Caching Best Practices
Recommended caching patterns for improving performance while preserving freshness, personalization, and operational control.
Caching Best Practices
Caching is one of the highest-impact performance tools available in a Nomad Media integration, but it works best when applied deliberately. The goal is to improve response time and scale without breaking personalization, freshness, or time-sensitive publishing behavior.
For Nomad Media-specific cached URL behavior, see API URLs and Caching.
1. Cache as Close to the User as Possible
As a general rule, caching should happen at the outermost layer that can safely serve the response. In most architectures, that means starting with the CDN or edge cache before moving deeper into the application stack.
- Prefer CDN or edge caching first
- If full page caching is not possible, cache API responses
- Only move caching deeper into the application when outer layers cannot safely do the job
This approach reduces latency, offloads origin traffic, and usually provides the best scalability.
2. Cache Stable GET Responses, Not Mutations
Cacheable traffic is usually read traffic. In practice, this means GET requests are the best candidates for caching, while login flows and write operations should pass through uncached.

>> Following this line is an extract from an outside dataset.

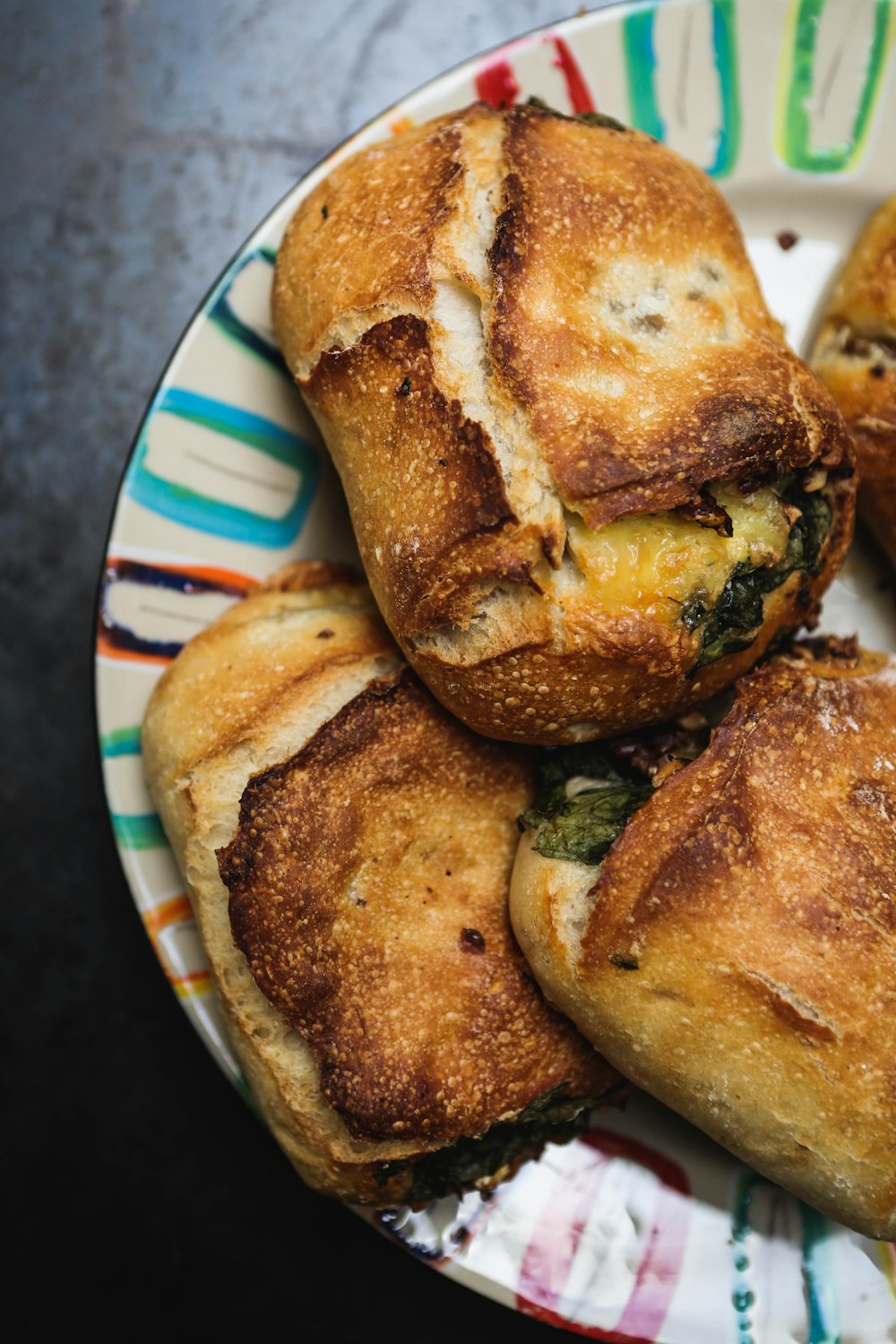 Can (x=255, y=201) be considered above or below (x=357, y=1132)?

- Good candidates: content lists, landing page data, category pages, lookup-style requests
- Poor candidates: login, account changes, writes, workflow actions, and most POST-based operations
If a response needs caching, prefer an API design that exposes the retrieval as a GET request.
3. Separate Shared and Personalized Data
Many pages combine two very different kinds of data:
- Shared content that is the same for most users
- Personalized content that depends on the current user or role
Do not force both through the same cache strategy. Instead:
- Keep broadly shared page data in one cacheable API response
- Move personalized sections into separate requests
- Apply a different TTL, keying strategy, or no caching at all for user-specific data
This pattern preserves a high cache hit rate while still supporting role-based or user-specific experiences.

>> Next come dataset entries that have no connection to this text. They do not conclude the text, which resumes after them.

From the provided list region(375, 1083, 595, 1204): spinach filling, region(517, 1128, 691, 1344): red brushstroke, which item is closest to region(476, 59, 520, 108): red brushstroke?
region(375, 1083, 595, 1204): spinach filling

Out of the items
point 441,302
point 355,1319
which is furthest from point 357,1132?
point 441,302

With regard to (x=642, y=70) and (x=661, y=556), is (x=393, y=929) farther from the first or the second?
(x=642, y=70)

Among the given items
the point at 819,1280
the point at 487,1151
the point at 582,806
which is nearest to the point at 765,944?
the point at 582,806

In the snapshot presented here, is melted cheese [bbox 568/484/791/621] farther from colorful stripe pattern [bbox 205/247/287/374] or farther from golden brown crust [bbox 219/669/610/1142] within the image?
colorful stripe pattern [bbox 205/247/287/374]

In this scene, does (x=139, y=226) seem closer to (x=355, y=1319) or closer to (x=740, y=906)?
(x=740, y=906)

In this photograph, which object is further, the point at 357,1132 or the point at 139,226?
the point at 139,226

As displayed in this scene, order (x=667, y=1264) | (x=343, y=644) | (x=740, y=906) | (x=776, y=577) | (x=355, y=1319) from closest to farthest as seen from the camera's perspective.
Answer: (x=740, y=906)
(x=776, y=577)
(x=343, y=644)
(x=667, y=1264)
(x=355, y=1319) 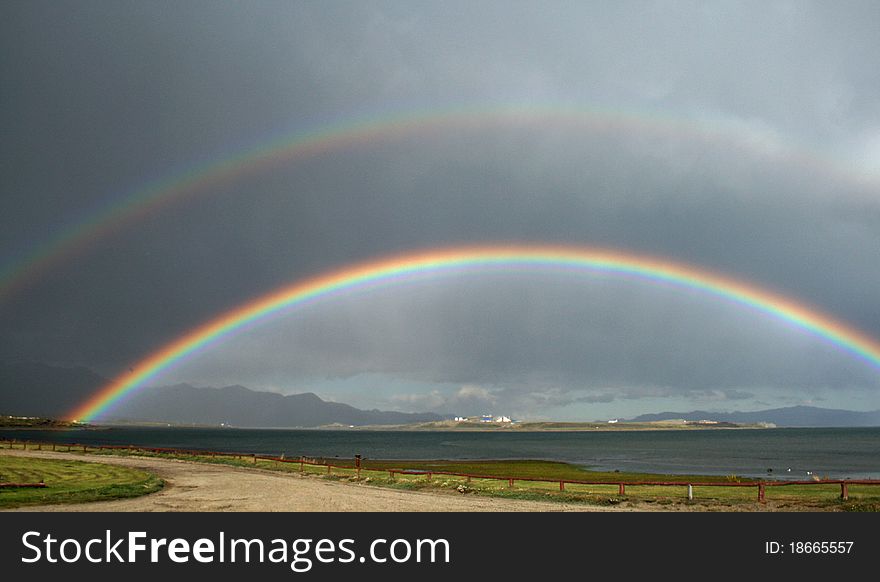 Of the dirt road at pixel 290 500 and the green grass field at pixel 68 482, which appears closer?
the dirt road at pixel 290 500

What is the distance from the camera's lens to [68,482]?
35.9 meters

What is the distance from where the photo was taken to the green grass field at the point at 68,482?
27.9 meters

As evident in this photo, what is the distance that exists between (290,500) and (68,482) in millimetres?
15616

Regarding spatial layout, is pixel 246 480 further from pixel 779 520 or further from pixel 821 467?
pixel 821 467

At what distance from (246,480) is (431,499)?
15.8 meters

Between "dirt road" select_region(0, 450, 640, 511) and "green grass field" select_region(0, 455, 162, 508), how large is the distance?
126 cm

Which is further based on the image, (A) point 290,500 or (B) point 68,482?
(B) point 68,482

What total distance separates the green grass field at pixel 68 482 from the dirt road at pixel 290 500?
1.26 meters

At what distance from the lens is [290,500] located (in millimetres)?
29609

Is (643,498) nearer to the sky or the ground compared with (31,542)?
nearer to the ground

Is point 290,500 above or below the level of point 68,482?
above

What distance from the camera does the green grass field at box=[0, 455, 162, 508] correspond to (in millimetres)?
27938

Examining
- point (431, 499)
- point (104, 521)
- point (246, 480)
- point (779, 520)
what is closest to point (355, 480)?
point (246, 480)

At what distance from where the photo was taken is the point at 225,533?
1606 centimetres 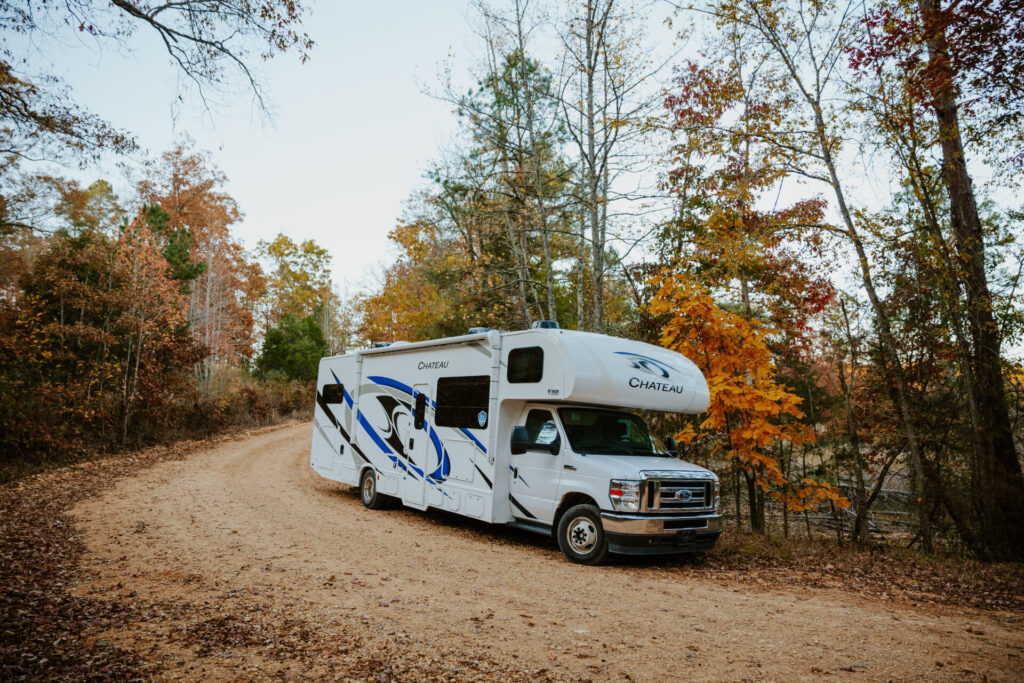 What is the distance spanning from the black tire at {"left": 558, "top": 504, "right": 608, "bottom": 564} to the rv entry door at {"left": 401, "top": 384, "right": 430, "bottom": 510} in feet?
10.2

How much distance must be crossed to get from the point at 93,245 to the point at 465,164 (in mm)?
11163

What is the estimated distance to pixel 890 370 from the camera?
1149 centimetres

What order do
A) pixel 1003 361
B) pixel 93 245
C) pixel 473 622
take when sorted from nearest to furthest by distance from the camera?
pixel 473 622
pixel 1003 361
pixel 93 245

4. Use Short TTLs for Frequently Changing Content
When content changes throughout the day, a short cache window often gives the best balance between freshness and performance. A TTL in the low-minute range is commonly enough to absorb most traffic while keeping content acceptably current.
Short TTLs are especially useful for:
- rotating homepage sections
- newly published or unpublished content
- schedule-driven visibility such as sunrise and sunset dates
Choose the TTL based on business tolerance. If a 3-to-5-minute delay is acceptable, you can usually gain most of the performance benefit without operational complexity.
5. Handle Time-Sensitive Content Explicitly
Schedule-driven content creates a tradeoff: longer caching improves performance, but exact-minute publishing becomes harder.
Two common patterns work well:
- Short TTL approach: keep the cache window small so scheduled changes appear within a few minutes
- Hybrid approach: return the schedule metadata in the response and let the client perform a final visibility check at render time
The hybrid approach can support more exact display timing, but it may send some data that will be hidden on the client until the cache refreshes.
6. Accept That Not Everything Should Be Cached
Some requests are naturally poor cache candidates, especially highly variable or user-driven queries such as ad hoc search and complex filtering. That is normal.
Instead of trying to cache every request:
- focus first on high-volume, repeatable reads
- leave uncommon or highly variable requests uncached when needed
- revisit deeper caching patterns only after the primary traffic is optimized
The goal is not 100% cache coverage. The goal is meaningful load reduction and faster common paths.
7. Design for Cache Invalidation
Even with well-chosen TTLs, you should still plan for cases where content must be refreshed immediately.
Recommended practices:
- confirm which layer owns the cache
- document how to invalidate or purge it
- identify the routes or content types that may need urgent refreshes
- test the invalidation path before production launch
Manual invalidation is especially important for time-sensitive campaigns, urgent content corrections, and externally visible mistakes.
8. Validate Both Development and Production Paths
Development often uses live uncached responses for fast iteration, while production should use the cached path. Validate both behaviors during implementation.
Before launch, confirm that:
- uncached development requests still behave correctly
- cached production requests return the expected data
- personalized requests are not accidentally shared across users
- non-cacheable methods bypass caching as intended
9. Practical Decision Framework
When deciding where and how to cache, use this order of operations:
- Cache at the CDN or edge when possible
- Cache shared GET responses before personalized ones
- Keep dynamic or schedule-sensitive responses on short TTLs
- Avoid caching writes and login flows
- Add invalidation controls for urgent refresh scenarios
Following this sequence usually produces the best balance of speed, scale, and correctness.